"""
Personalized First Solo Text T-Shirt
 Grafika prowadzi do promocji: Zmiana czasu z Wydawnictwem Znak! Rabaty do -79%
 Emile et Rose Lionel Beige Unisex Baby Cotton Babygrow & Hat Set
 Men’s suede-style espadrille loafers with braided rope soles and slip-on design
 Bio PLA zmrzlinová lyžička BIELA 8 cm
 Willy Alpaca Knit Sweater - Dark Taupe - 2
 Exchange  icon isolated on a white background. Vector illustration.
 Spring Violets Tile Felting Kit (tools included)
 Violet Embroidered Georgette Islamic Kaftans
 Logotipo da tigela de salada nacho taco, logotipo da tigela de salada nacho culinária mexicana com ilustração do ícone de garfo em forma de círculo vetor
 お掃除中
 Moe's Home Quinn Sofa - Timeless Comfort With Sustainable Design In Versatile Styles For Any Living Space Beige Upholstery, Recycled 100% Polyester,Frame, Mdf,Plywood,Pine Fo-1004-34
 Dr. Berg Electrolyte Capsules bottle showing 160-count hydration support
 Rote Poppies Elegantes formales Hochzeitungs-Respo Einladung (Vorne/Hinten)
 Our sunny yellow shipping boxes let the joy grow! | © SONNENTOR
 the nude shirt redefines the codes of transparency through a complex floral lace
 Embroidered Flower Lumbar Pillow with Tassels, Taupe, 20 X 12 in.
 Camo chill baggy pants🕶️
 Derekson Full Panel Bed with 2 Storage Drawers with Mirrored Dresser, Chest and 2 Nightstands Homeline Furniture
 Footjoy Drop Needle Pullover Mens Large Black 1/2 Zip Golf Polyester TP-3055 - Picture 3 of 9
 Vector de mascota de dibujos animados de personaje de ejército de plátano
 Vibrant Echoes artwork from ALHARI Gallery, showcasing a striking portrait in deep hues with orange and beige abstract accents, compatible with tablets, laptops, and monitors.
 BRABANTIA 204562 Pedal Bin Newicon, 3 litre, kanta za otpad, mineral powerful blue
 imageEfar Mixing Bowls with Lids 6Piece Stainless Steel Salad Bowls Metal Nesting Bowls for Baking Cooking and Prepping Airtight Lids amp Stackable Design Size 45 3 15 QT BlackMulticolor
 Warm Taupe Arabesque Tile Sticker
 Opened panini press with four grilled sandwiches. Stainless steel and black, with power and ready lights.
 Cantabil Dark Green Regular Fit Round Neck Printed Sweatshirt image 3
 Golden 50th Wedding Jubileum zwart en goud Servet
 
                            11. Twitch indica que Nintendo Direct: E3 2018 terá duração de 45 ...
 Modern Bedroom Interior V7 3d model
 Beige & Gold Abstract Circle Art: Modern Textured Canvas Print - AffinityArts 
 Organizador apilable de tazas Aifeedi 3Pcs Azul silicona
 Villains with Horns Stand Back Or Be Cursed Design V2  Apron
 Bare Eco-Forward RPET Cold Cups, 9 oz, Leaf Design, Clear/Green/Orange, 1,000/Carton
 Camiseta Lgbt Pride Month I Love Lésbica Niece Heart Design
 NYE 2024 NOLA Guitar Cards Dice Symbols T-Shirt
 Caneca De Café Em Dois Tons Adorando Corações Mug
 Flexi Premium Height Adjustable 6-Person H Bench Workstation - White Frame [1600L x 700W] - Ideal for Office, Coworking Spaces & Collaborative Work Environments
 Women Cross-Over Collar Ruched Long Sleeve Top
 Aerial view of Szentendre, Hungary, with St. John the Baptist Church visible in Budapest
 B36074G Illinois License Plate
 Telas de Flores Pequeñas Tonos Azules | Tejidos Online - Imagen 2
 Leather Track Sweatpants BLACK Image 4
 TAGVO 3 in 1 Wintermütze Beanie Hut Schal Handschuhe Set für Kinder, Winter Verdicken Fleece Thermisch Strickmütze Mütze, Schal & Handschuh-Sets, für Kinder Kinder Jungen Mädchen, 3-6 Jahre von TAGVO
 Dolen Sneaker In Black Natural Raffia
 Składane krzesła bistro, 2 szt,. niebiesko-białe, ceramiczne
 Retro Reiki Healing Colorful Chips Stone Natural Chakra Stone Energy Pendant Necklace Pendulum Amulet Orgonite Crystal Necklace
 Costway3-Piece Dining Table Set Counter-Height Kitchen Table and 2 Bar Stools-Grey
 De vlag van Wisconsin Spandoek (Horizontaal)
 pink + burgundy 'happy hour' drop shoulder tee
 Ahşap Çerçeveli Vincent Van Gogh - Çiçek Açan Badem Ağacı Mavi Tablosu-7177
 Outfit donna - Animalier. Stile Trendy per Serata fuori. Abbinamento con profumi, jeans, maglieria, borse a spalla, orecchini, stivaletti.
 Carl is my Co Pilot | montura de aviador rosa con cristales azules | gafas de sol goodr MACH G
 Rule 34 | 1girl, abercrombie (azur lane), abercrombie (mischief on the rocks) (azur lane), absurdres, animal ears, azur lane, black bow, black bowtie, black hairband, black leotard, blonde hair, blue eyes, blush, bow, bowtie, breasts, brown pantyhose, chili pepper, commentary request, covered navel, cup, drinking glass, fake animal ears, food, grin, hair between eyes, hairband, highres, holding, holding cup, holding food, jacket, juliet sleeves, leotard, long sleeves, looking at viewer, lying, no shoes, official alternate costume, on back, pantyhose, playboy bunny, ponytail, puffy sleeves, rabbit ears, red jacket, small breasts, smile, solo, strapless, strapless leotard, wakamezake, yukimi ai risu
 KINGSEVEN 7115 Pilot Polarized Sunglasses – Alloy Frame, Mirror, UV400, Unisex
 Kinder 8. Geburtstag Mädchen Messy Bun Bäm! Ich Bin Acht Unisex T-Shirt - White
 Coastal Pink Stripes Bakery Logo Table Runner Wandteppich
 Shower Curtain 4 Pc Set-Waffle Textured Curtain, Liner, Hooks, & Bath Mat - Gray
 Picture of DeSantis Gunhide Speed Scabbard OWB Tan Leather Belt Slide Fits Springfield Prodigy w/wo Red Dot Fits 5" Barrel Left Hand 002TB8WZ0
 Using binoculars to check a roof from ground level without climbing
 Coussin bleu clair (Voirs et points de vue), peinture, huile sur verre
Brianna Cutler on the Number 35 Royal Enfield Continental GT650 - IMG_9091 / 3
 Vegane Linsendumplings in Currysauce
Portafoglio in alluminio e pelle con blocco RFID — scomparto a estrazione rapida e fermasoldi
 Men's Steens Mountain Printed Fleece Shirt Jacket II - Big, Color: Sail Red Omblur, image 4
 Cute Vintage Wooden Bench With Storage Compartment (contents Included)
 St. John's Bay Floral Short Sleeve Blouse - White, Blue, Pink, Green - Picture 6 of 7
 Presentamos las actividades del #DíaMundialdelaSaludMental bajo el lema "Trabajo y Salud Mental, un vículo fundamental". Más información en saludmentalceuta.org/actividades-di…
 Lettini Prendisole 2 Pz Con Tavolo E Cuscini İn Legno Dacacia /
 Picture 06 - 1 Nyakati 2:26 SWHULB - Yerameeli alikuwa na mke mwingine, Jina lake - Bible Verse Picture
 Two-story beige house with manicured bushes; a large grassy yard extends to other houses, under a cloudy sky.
"""
→ **Your objective**:
In the listing above, find the line holding "Villains with Horns" and the line holding "Retro Reiki Healing", then output those two lines and every line between them exactly.

→ **Your solution**:
 Villains with Horns Stand Back Or Be Cursed Design V2  Apron
 Bare Eco-Forward RPET Cold Cups, 9 oz, Leaf Design, Clear/Green/Orange, 1,000/Carton
 Camiseta Lgbt Pride Month I Love Lésbica Niece Heart Design
 NYE 2024 NOLA Guitar Cards Dice Symbols T-Shirt
 Caneca De Café Em Dois Tons Adorando Corações Mug
 Flexi Premium Height Adjustable 6-Person H Bench Workstation - White Frame [1600L x 700W] - Ideal for Office, Coworking Spaces & Collaborative Work Environments
 Women Cross-Over Collar Ruched Long Sleeve Top
 Aerial view of Szentendre, Hungary, with St. John the Baptist Church visible in Budapest
 B36074G Illinois License Plate
 Telas de Flores Pequeñas Tonos Azules | Tejidos Online - Imagen 2
 Leather Track Sweatpants BLACK Image 4
 TAGVO 3 in 1 Wintermütze Beanie Hut Schal Handschuhe Set für Kinder, Winter Verdicken Fleece Thermisch Strickmütze Mütze, Schal & Handschuh-Sets, für Kinder Kinder Jungen Mädchen, 3-6 Jahre von TAGVO
 Dolen Sneaker In Black Natural Raffia
 Składane krzesła bistro, 2 szt,. niebiesko-białe, ceramiczne
 Retro Reiki Healing Colorful Chips Stone Natural Chakra Stone Energy Pendant Necklace Pendulum Amulet Orgonite Crystal Necklace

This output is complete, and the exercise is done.